Nonsense. What we dismiss as mere fairy tales are actually clever little beasts that make us do things. What’s more, they work on the same principle as cake mix pitch men used in 1950s TV ads, and what some skilled leaders use today.
Fairy tales invite the audience to imagine themselves as the characters in the tale — characters that do what the storyteller wants them to do. Tim Carmody explains in a recent blog post “How Fairy Tales Break All The Rules.”
Instead of demanding “round characters,” fairy tales embrace flat ones. …[F]airy tales operate with a surreal dream logic in abstract settings. Instead of starting [in the midst of things], they start “once upon a time.” Instead of “telling the story only you can tell,” fairy tales ask you to retell stories that have been told for centuries. So on and so forth.
Stephen Denning: Let your audience be characters who act out your ideas
The fairy tale genre has real applications in business.

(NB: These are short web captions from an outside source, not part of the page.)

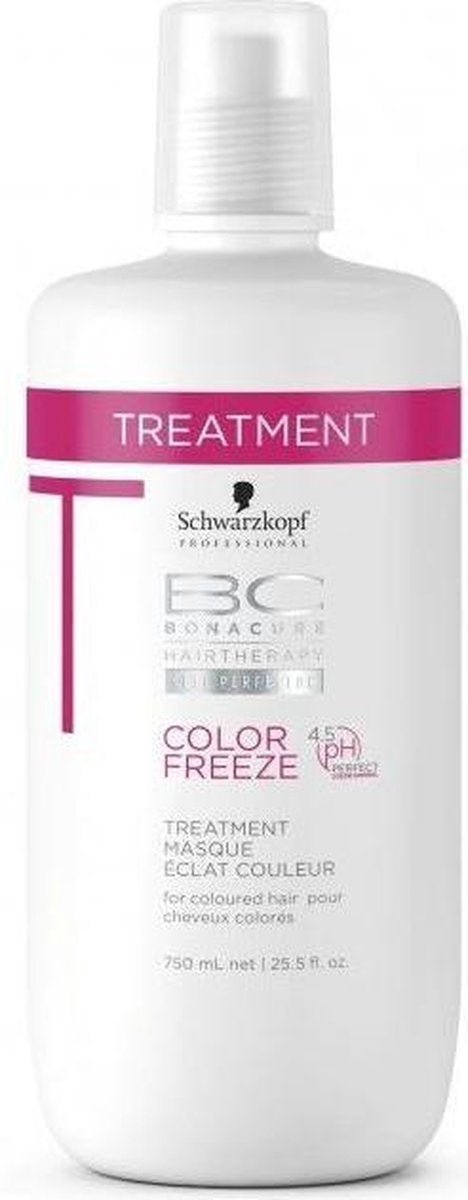 Schwarzkopf - Bc Color Freeze Treatment 750 Ml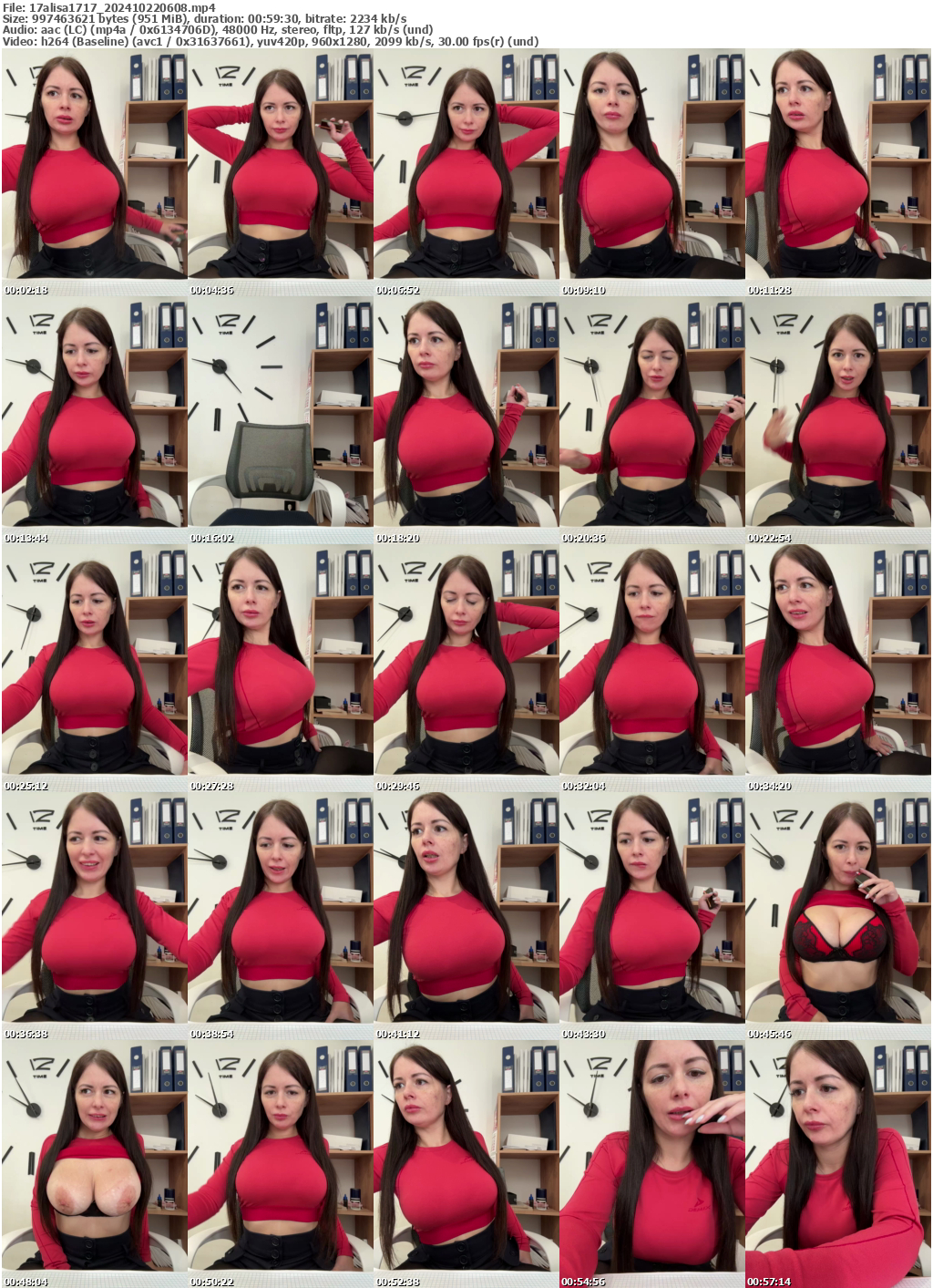 Preview thumb from 17alisa1717 on 2024-10-22 @ bongacams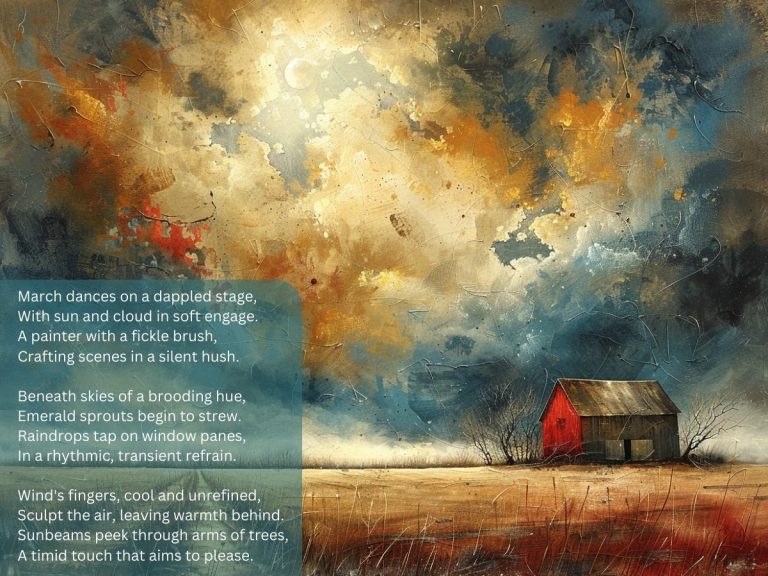 Poems About March Weather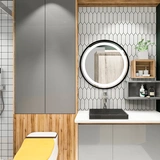 Кухонный туалет балкон -керамический мозаичный туалетный туалетный стена, столовая ресторан, арт -плитка инопланетянин белый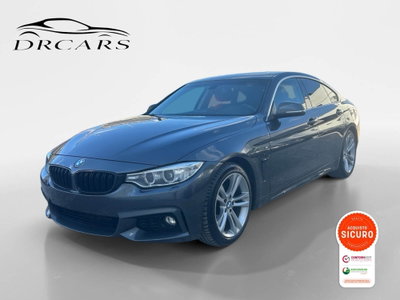 BMW Serie 4 Gran Coupé 420d  Msport usata
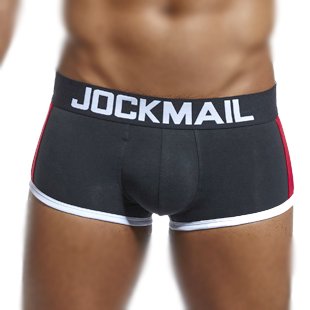 FtM Essentials on X: NEW! Jockmail packing underwear! Check them out at   and use the code JOCK for 10% off your next order!   . Discount not valid on binders or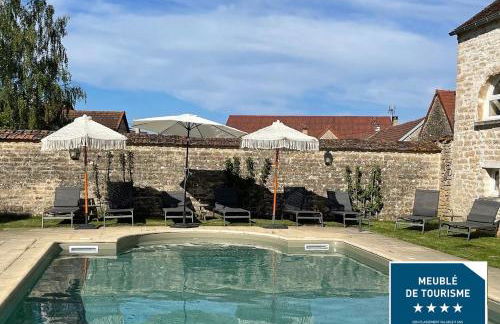 La Closerie de Gigny Maison Templiere avec Piscine - Foto 1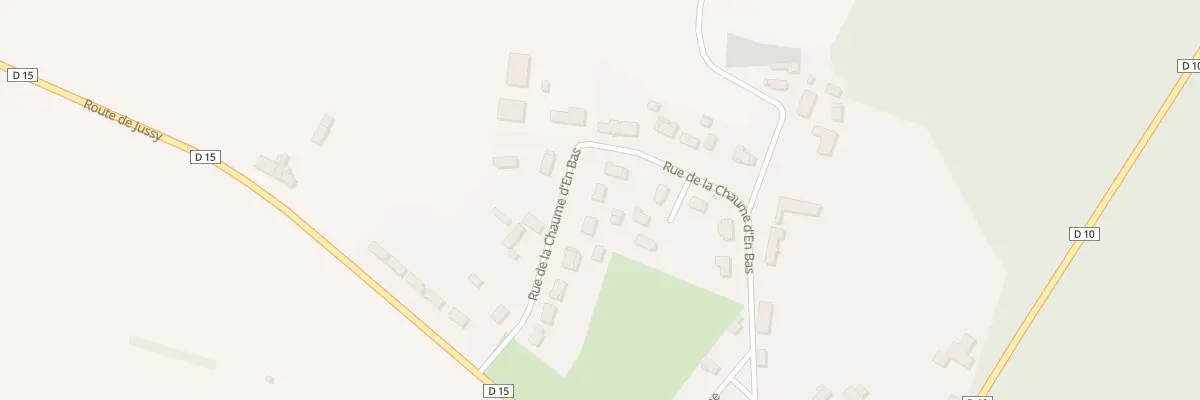 Plan du 21 Rue de la Chaume d’En-bas à Raymond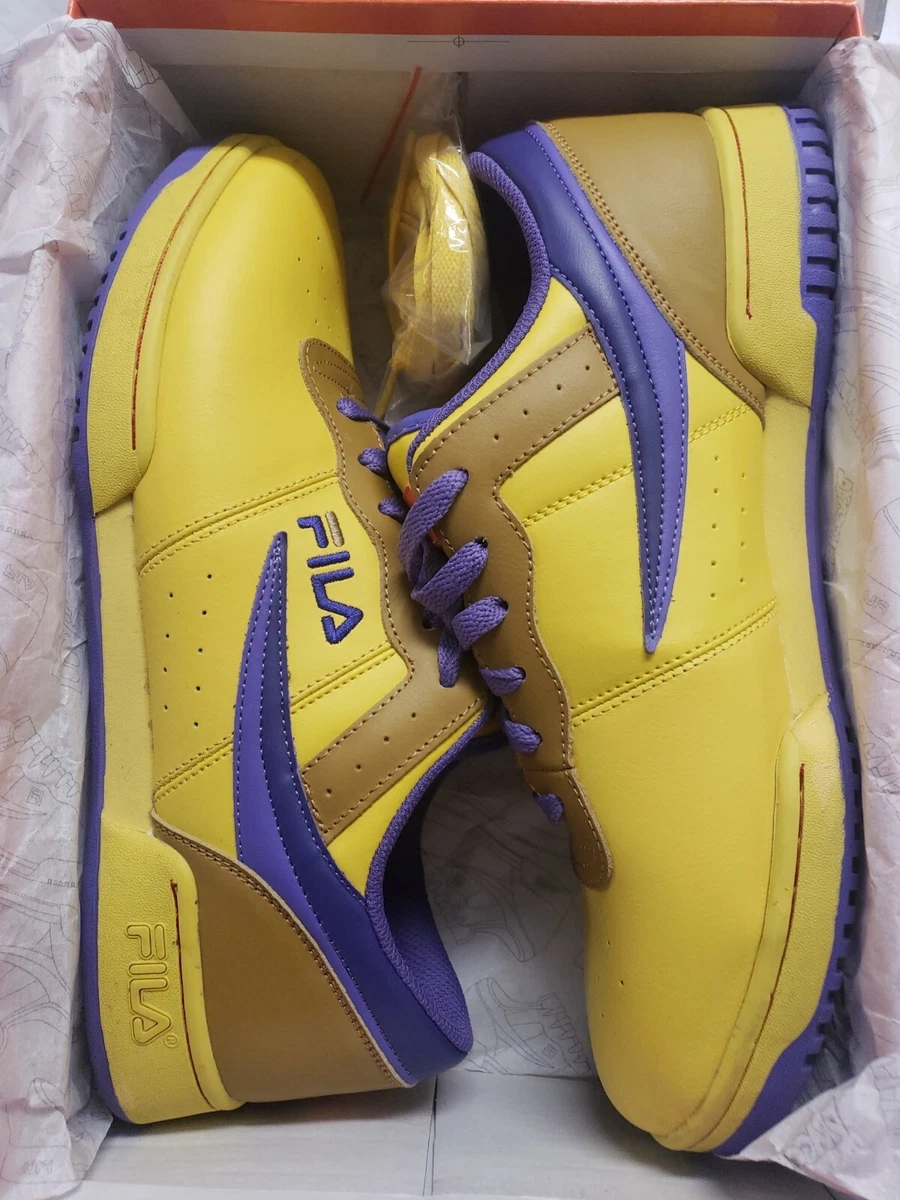Fila original fitness best sale yellow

Stephen Denning explains in one of his books on business storytelling, The Leader’s Guide to Storytelling: Mastering the Art and Discipline of Business Narrative. What he calls a “springboard story” works like a fairy tale in that its characters and events are “flat.” These little stories give scant detail — which in effect invites the audience’s little internal voices fill in.
The springboard story descends from the tradition of minimalist biblical parables and, yes, European folktale.
In these stories, there is what Max Luthi calls “depthlessness.” The persons depicted in these stories have no psychological richness or complexity. The subjective plane of the feelings and viewpoints of the characters is limited. The story typically has none of the sights and sounds and smells that Aristotle's Poetics considered essential for creating the reality of the story.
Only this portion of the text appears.